-- Opening Marker --
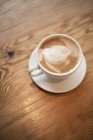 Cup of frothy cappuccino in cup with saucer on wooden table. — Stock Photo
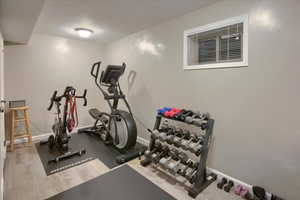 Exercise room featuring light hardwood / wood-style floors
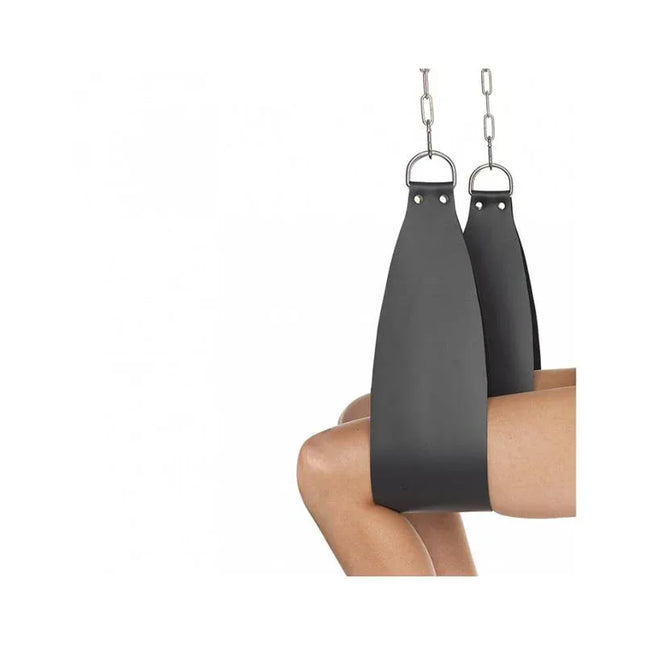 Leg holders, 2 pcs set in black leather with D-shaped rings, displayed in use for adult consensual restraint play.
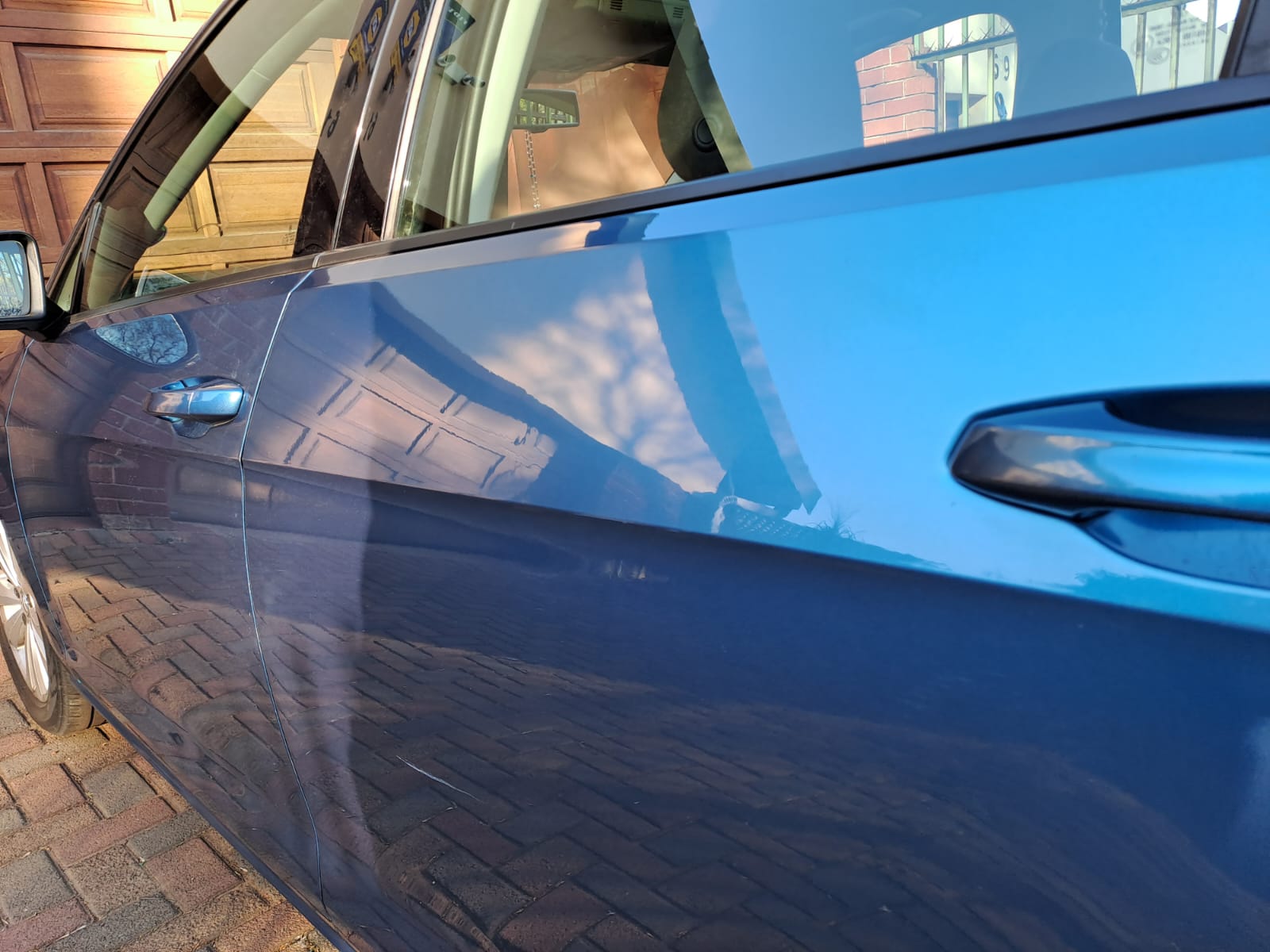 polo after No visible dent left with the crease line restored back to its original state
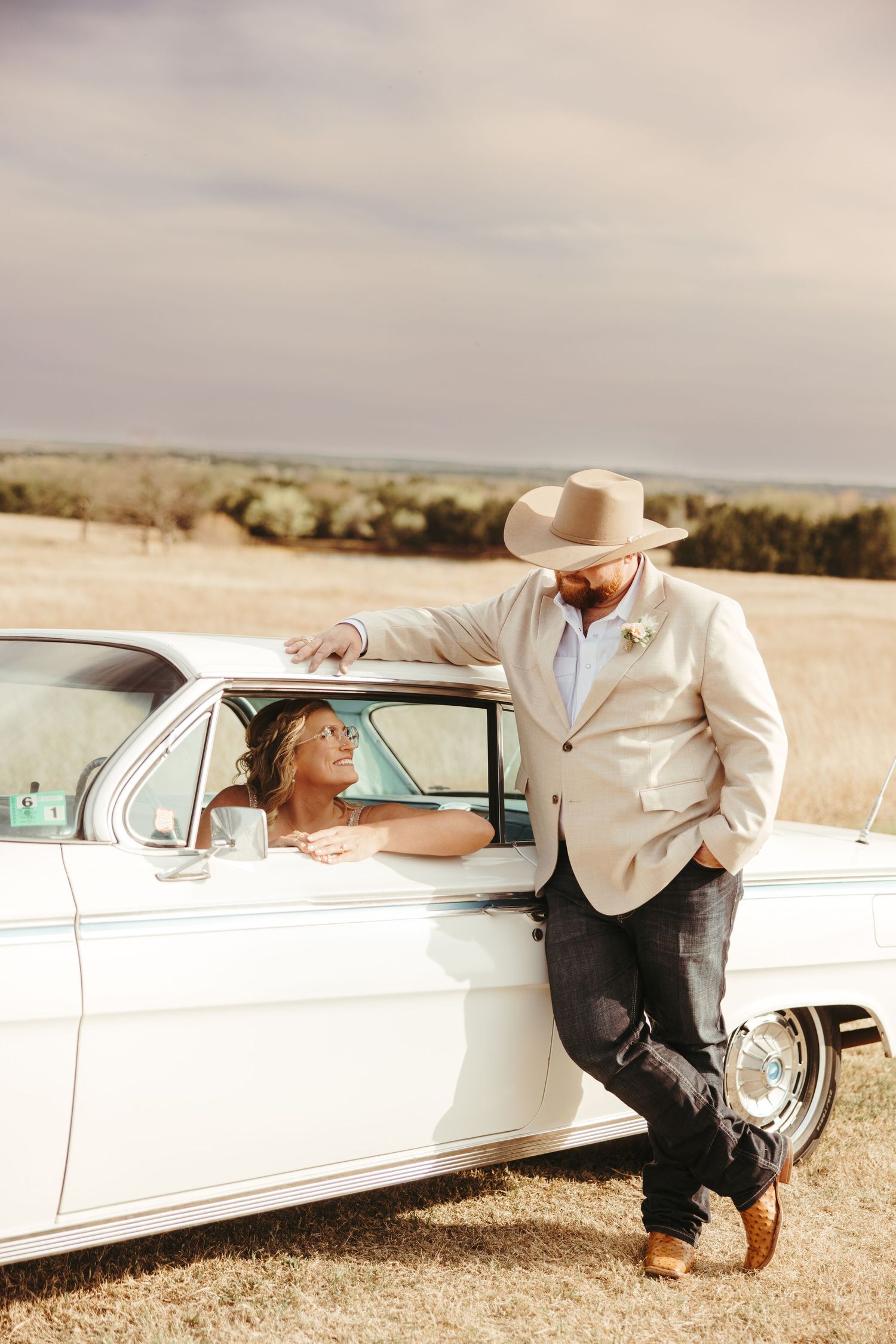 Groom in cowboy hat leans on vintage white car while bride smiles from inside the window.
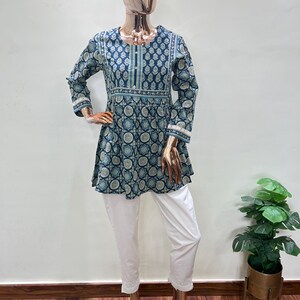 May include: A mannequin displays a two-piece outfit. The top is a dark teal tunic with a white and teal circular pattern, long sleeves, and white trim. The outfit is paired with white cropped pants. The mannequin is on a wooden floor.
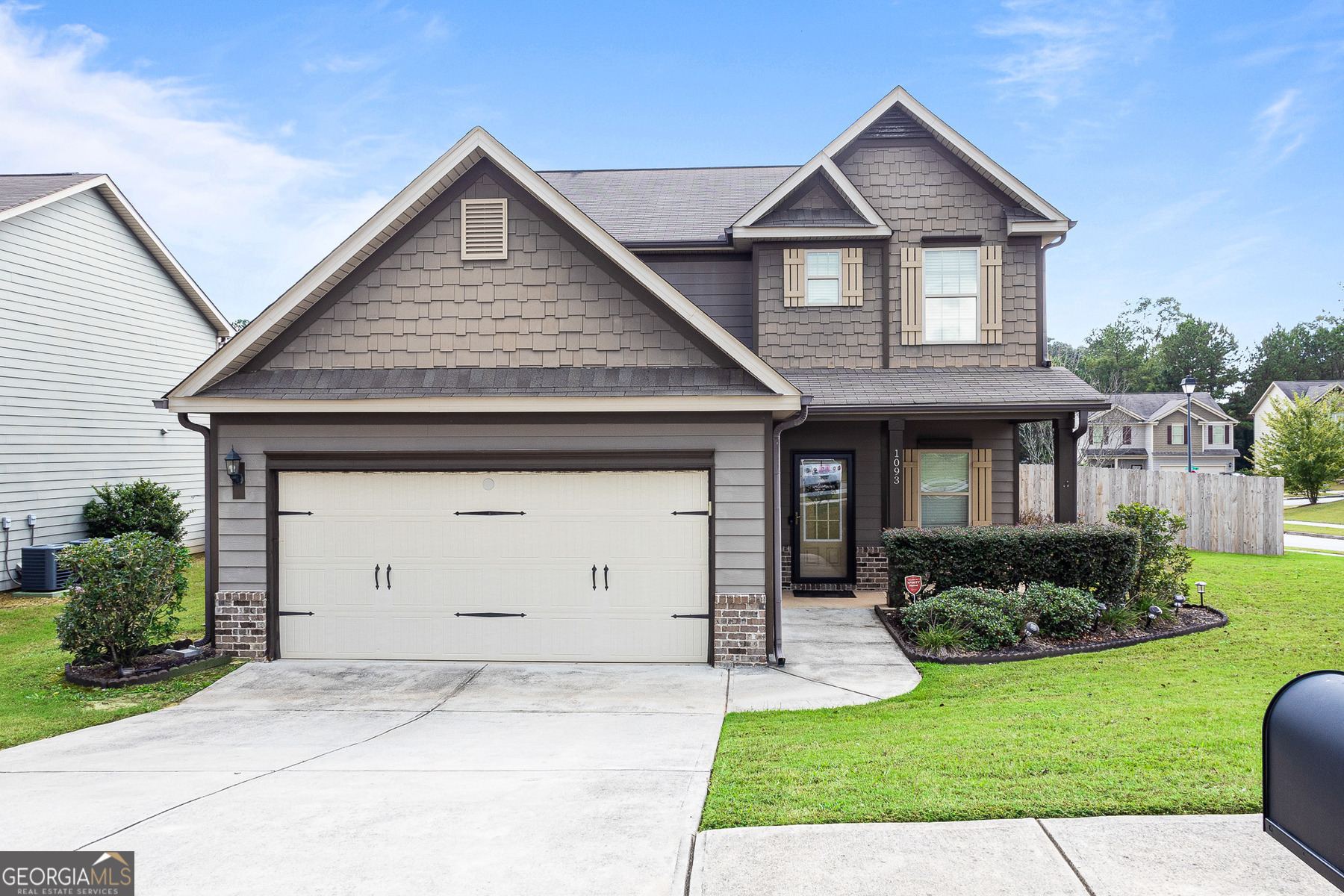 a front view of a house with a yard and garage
-- Closing Marker --
▶ _Work to be completed_: Give the listing above again in its entirety and exactly; do not include the pictures.

▶ _Answer to this problem_:
 Cup of frothy cappuccino in cup with saucer on wooden table. — Stock Photo
 Exercise room featuring light hardwood / wood-style floors
 Leg holders, 2 pcs set in black leather with D-shaped rings, displayed in use for adult consensual restraint play.
 polo after No visible dent left with the crease line restored back to its original state
 Groom in cowboy hat leans on vintage white car while bride smiles from inside the window.
 May include: A mannequin displays a two-piece outfit. The top is a dark teal tunic with a white and teal circular pattern, long sleeves, and white trim. The outfit is paired with white cropped pants. The mannequin is on a wooden floor.
 a front view of a house with a yard and garage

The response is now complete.